Exercise details: Retyping the entries exactly is all that is required.
Top of Available records
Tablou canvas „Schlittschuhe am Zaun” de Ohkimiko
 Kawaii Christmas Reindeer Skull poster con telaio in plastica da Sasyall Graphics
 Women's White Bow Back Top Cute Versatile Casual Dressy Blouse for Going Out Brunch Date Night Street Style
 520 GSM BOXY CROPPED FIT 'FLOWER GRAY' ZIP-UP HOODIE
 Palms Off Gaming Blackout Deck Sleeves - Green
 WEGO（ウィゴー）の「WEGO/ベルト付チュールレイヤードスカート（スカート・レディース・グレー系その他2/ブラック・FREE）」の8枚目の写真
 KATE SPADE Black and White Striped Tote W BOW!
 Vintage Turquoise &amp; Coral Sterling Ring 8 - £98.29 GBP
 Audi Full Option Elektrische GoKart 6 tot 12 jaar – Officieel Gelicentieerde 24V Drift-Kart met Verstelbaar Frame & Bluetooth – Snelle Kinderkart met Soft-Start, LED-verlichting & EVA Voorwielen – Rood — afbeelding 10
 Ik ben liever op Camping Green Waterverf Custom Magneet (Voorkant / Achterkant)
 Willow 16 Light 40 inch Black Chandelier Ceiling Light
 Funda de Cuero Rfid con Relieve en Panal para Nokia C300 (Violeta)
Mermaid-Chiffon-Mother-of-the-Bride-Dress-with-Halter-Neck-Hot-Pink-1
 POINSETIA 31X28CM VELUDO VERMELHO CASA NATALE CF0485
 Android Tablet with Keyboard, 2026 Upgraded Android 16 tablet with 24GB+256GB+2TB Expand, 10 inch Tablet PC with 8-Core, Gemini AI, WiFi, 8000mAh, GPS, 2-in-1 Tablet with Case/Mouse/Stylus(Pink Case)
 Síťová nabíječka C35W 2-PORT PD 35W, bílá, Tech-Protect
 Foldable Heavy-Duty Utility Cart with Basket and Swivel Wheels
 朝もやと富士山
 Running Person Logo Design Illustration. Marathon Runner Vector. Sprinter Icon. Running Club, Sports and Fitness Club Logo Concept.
Bottom of Available records
Response to this exercise:
Tablou canvas „Schlittschuhe am Zaun” de Ohkimiko
 Kawaii Christmas Reindeer Skull poster con telaio in plastica da Sasyall Graphics
 Women's White Bow Back Top Cute Versatile Casual Dressy Blouse for Going Out Brunch Date Night Street Style
 520 GSM BOXY CROPPED FIT 'FLOWER GRAY' ZIP-UP HOODIE
 Palms Off Gaming Blackout Deck Sleeves - Green
 WEGO（ウィゴー）の「WEGO/ベルト付チュールレイヤードスカート（スカート・レディース・グレー系その他2/ブラック・FREE）」の8枚目の写真
 KATE SPADE Black and White Striped Tote W BOW!
 Vintage Turquoise &amp; Coral Sterling Ring 8 - £98.29 GBP
 Audi Full Option Elektrische GoKart 6 tot 12 jaar – Officieel Gelicentieerde 24V Drift-Kart met Verstelbaar Frame & Bluetooth – Snelle Kinderkart met Soft-Start, LED-verlichting & EVA Voorwielen – Rood — afbeelding 10
 Ik ben liever op Camping Green Waterverf Custom Magneet (Voorkant / Achterkant)
 Willow 16 Light 40 inch Black Chandelier Ceiling Light
 Funda de Cuero Rfid con Relieve en Panal para Nokia C300 (Violeta)
Mermaid-Chiffon-Mother-of-the-Bride-Dress-with-Halter-Neck-Hot-Pink-1
 POINSETIA 31X28CM VELUDO VERMELHO CASA NATALE CF0485
 Android Tablet with Keyboard, 2026 Upgraded Android 16 tablet with 24GB+256GB+2TB Expand, 10 inch Tablet PC with 8-Core, Gemini AI, WiFi, 8000mAh, GPS, 2-in-1 Tablet with Case/Mouse/Stylus(Pink Case)
 Síťová nabíječka C35W 2-PORT PD 35W, bílá, Tech-Protect
 Foldable Heavy-Duty Utility Cart with Basket and Swivel Wheels
 朝もやと富士山
 Running Person Logo Design Illustration. Marathon Runner Vector. Sprinter Icon. Running Club, Sports and Fitness Club Logo Concept.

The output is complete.